A fireball exploded in the sky Tuesday night over southeast Michigan. Here’s what we’ve since learned:
Not long after the National Weather Service confirmed the phenomenon wasn’t weather-related, NASA confirmed that it was a meteor with a trajectory northwest of Detroit, from Brighton to Howell.
People reported seeing the fireball from across Michigan, and even from other states, including Illinois, Pennsylvania, Ohio, Indiana, Missouri and Ontario, Canada. Multiple images were posted of night skies being lit up, as social media exploded with people reporting what they saw or heard.
NASA estimates a 2-yard-diameter meteor traveled at about 28,000 m.p.h. as it arrived -– which is considered very slow. For comparison, Leonid meteors that arrive each November are much smaller and move at 160,000 m.p.h., said Bill Cooke, lead for NASA’s Meteoroid Environment Office in Huntsville, Ala.
“So this one was on the slow side, which is one reason why it made it so deep into the atmosphere,” he said.
Frequently, meteors can be observed in the night sky as shooting stars, burning farther up in the atmosphere. They tend to be about a millimeter in diameter and arrive at much higher speeds, attracting far less attention than Tuesday’s event.

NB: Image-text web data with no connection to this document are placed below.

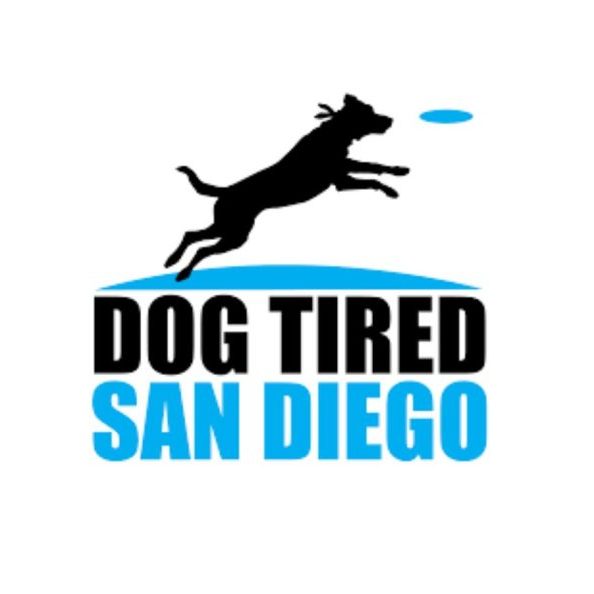 dog gone - 270 × 186px - Google Chrome 2024-11-06 at 6.34.40 PM
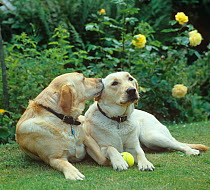 RF- Two Yellow labradors in garden, one licking the other, UK. (This image may be licensed either as rights managed or royalty free.)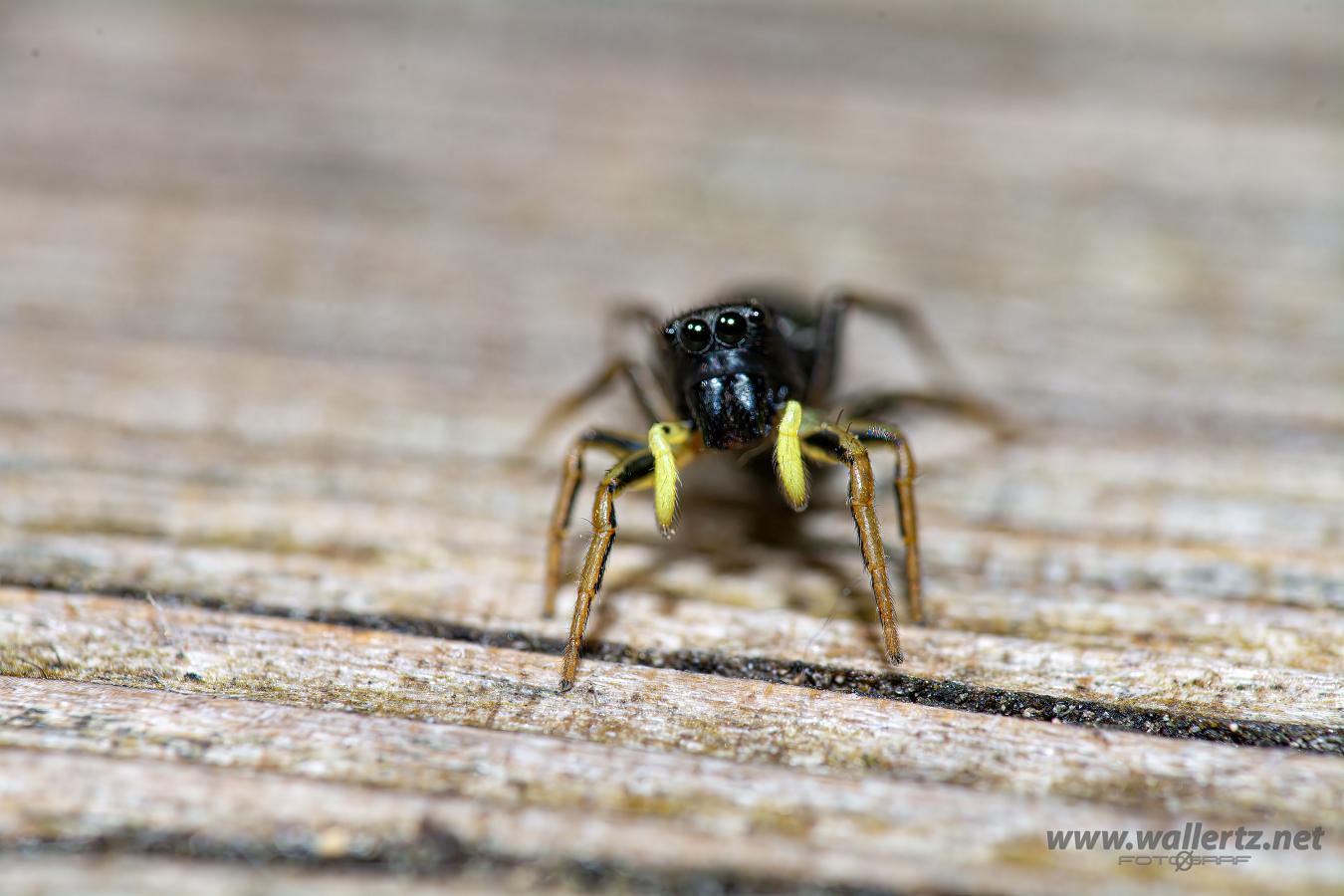 Copper sun jumper (Kopparhoppspindel) Heliophanus cupreus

“The faster you move, the more energy you dump in the atmosphere, which heats you up more and the less you survive,” Cooke said.
The meteor was a super bolide, meaning its brightness was between the full moon and the sun. Events such as this occur one to two times per month on this planet.
“Not so rare for Earth,” Cooke said. “Very rare for Michigan, because it’s only a small area.”
It was a piece of an asteroid, and NASA is investigating where in space it came from. If meteorites are found on the ground, cosmic-ray exposure can be used to determine their age.
The meteor caused a 2.0 magnitude earthquake, the United States Geological Survey reported on its website. People reported their windows and houses shaking as the meteor arrived.
The meteor broke up about 20 miles over the Earth, causing a shower of space rocks perhaps 1-2 ounces in size.
“Material falling was picked up by a doppler weather radar,” Cook said, adding that meteorites could be spread over 2½ miles a bit west of the Hamburg Township area, Cooke said.
If they land on your property, they’re yours to keep. Meteorites are safe to touch, radioactivity isn’t a big concern, and they cool off on their way down.
“You can pick up a meteorite right after it lands,” Cooke said. “Meteorites are not smoking hunks of rock.”
They may look like Earth’s rocks, but with signs of burning. If you think you’ve found one, you can use this self-test checklist and perhaps submit it for testing at one of these locations.
According to hundreds of eyewitness reports and as evidenced by surveillance cams, a massive, blue-green fireball shot through the Midwestern night sky Feb. 5,2017 and was projected to have landed in northern Lake Michigan.
The American Meteor Society at the time received more than 200 reports from witnesses in Wisconsin, Illinois, Michigan, Indiana, Minnesota, Iowa, Ohio and even New York.